Often the history of a single object can reflect, when magnified a much larger ongoing saga in nature. A lonely piece of rock may contain the imprints of earth’s magnetic field recorded over millennia; the rings inside an old tree may contain the annual auguries of climate; and oceanic tides echo forever in the memories of a seashell.
Consider the planet Saturn, which resembles a minor solar system itself, a gaseous sun orbited by many small moonlets and debris. The famous rings of Saturn are clearly visible to astronomers today like a halo, but only with the help of a modern telescope. In 1610, when Galileo trained his newly fashioned instrument on the planet, the primitive device showed him the “ears of Saturn” as two moons. Apart from the fact that rings around a planet were unheard of, what further perplexed the Italian scientist was their periodic appearance and disappearance over time.
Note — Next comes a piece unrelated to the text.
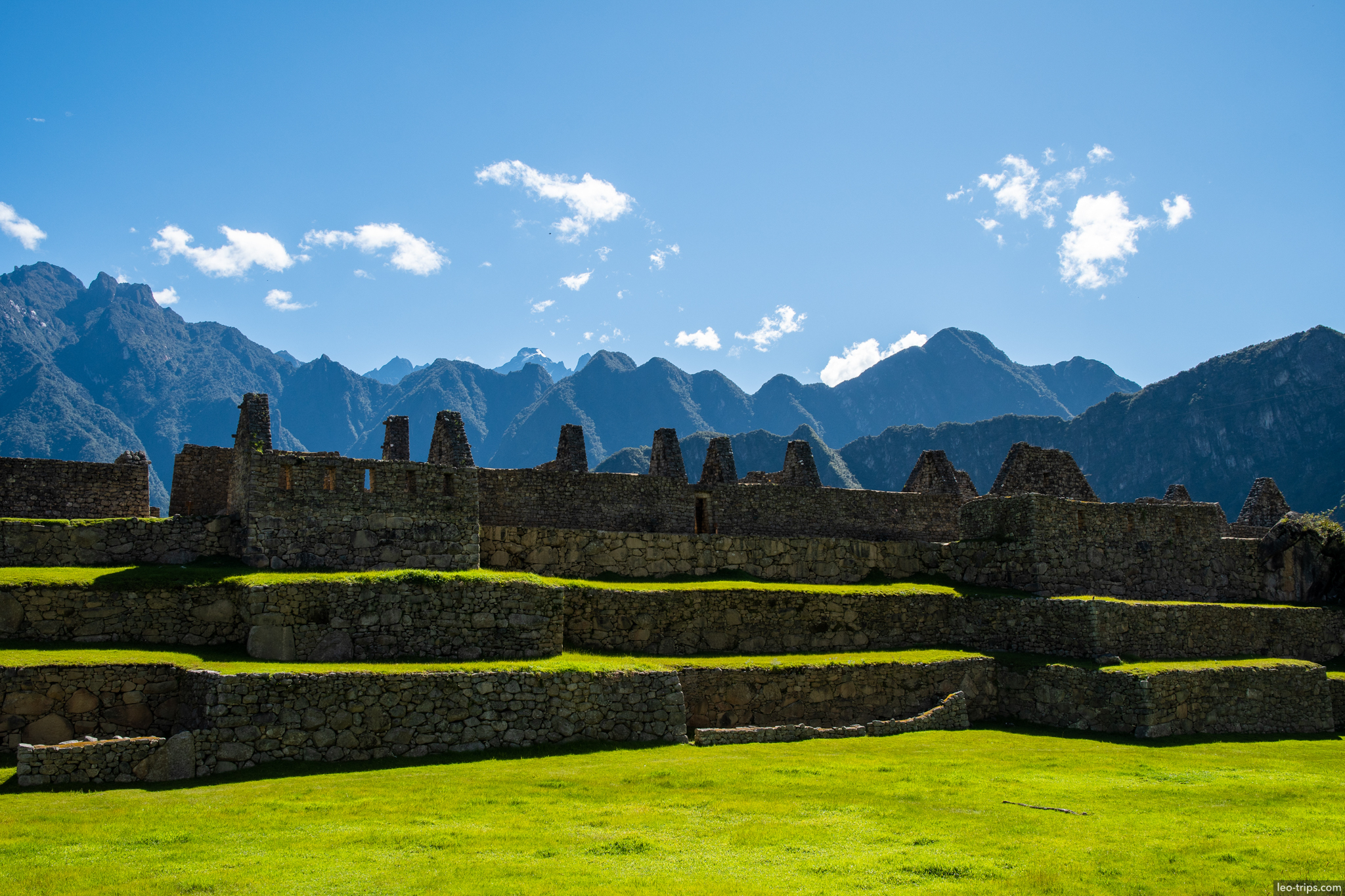 three doorways group andes mountains backdrop machu picchu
The first person to identify the appendages as a ring, with a more penetrating (approximately 50 times magnification) instrument was Christiaan Huygens in 1655, who explained the waxing and waning phases of the rings thus: “...the ring, which I had imagined was inclined at about the same angle to the plane of the ecliptic — with a permanent and unchanging inclination, be it understood, as is known to be the case on this Earth of ours with the plane of the equator. From this inclination it necessarily followed that in its different aspects the same ring showed to us at one time a rather broad ellipse, at another time a narrower ellipse, and sometimes even a straight line. As regards the handle-like formations, I understand that this phenomenon was due to the fact that the ring was not attached to the globe of Saturn, but was separated from it the same distance all around.”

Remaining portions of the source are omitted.